Multi-family…How much further, how much faster? - by William Pastuszek

May 03, 2016 - Front Section
William Pastuszek, Shepherd Associates William Pastuszek, Shepherd Associates

Multi-family real estate – MFRE for the purposes of this article – has been and still is a nice place to be if you are to be in real estate. With the surge in housing in most markets, landlords are happy with full buildings and tenants paying whatever the asking rent is. This scenario plays itself in many New England markets.

Investors love multi-family. Can’t lose. But lately, some observers are sounding mild alarms about the continued unbridled growth in MFRE in the Greater Boston Markets.

What are some of the main general concerns that we should have about MFRE markets?

The Fed has moved rates up and they will continue to tick up as the Fed tried to balance growth with an interest rate cushion against the next recession. The Fed promises to be transparent and predicable. Predictable is good. Risk is inevitable. Uncertainty is bad. The Fed is not the problem.

There’s plenty of money available to buy or refinance. Bankers can’t resist lending on MFRE. The best lenders compete robustly, not only for the best deals but for deals. The rest of the pack hopes to tie up some deals with enough pot sweetening and appraised values high enough. There may be too many partygoers to fit in the room. This is a potential problem. Undisciplined debt helped create the last downturn.

A major investor survey suggests that the beginnings of a correction may be in the offing. It reports that enthusiasm seems to have throttled down since end of 2015. The sense is that pricing is at or near peak levels in most major metropolitan area markets. The influence of aggressive foreign investment signals caution. Too much money chasing too few deals will breed what might look like a market bubble in hindsight.

Anecdotal evidence suggests many equity investors and lenders are laying back or at least trying to buy and lend smarter, both of which are hard to do in a market of limited inventory and toothy demand. The smart ones are happy with their take this time around. Seasoned investors who find prices to be increasingly unsustainable in an uncertain future let the rookies, speculators, and investors investing at any price rush in. That sort of activity at a market peak is a problem waiting to happen.

Investors worry about the future. With not a lot of upside on rental growth and with no meaningful cap rate compression, investors may be thinking that there isn’t much else to be extracted from this particular MFRE lode.

The long run of cap rate compression has generally slowed to a crawl at most levels of the market. Cap rates, with some local and specific exceptions, are likely to remain reasonably stable going forward, or, at least not go down much more.

While strong urban and transportation influenced location will continue the urban village trends, the rather amazing expansion in the supply of multi-family units within I-495 has many landlords and potential landlords wondering where good quality tenants will come from. Expect vacancy creep up.

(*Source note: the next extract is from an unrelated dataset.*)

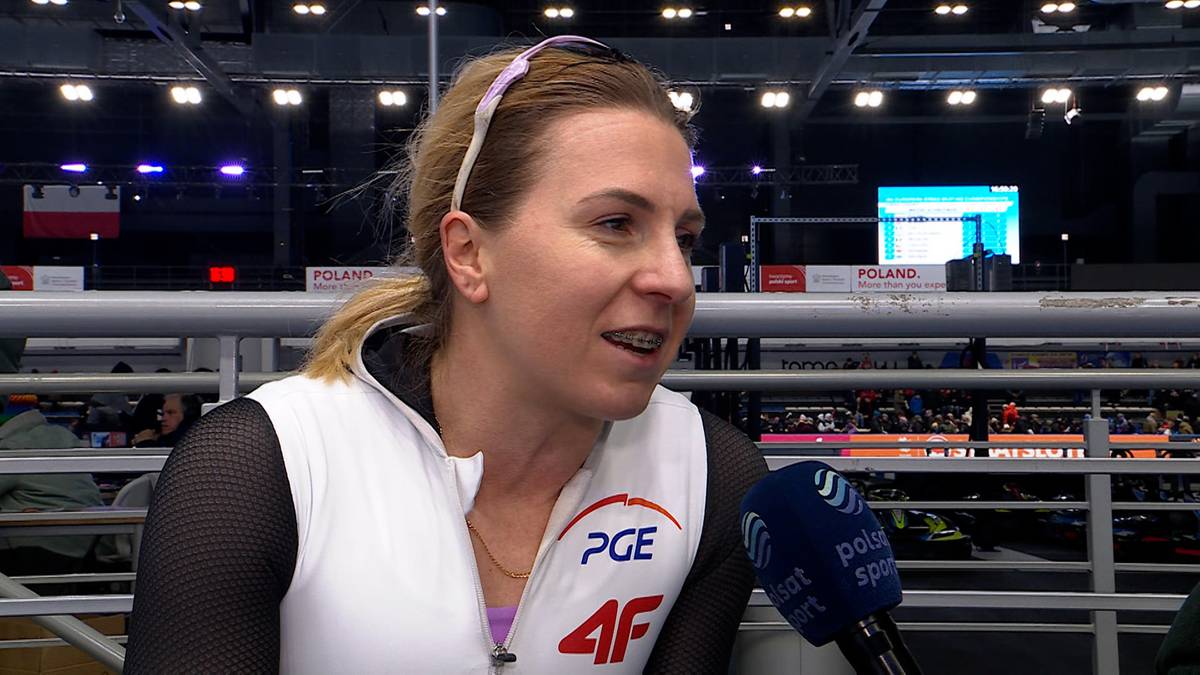 Kobieta z blond włosami spiętymi w kucyk, nosząca opaskę na głowie, w stroju sportowym z widocznym logo PGE. Trzyma mikrofon.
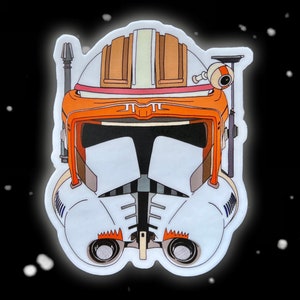 May include: A white and orange Star Wars clone trooper helmet sticker. The helmet has a white faceplate with black details and orange accents. The helmet is set against a black background with white dots.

On the other hand, there are many MFRE markets – outlying ones to the west of the Boston core – that show a much different risk profile. There, where economies are still destabilized, population growth trends negative, and housing tends to be well-used, buyers are more concerned with the certainty of cash flow rather than with wild appreciation.

Many investors in those tertiary markets are faced with finding good quality tenants. Margins are slimmer there and after paying Real Estate Taxes, needed repairs, and the Bank Loan. Tenants not paying or paying only some rent crimps cash flow. Management has to work harder.

The problem of landlords in outlying markets is not just vacancy but collections. There is nothing worse than space that is occupied but not producing rent. Appraisers take note.

With the concerns about tenant quality and general economic conditions, these outlying markets show much higher capitalization rates commensurate with risk. Appraisers and lenders should pay attention to the higher risk profiles of these outlying markets and not be misled by comparison with the much lower cap rates prevalent in core markets.

It’s not time to sound alarms but a warning bell may be in order. While the imminent meltdown of MFRE is not before us, manage expectations about the future wisely.

William Pastuszek, Jr., MAI, SRA, MRA is the principal of Shepherd Associates, Newton Center, Mass.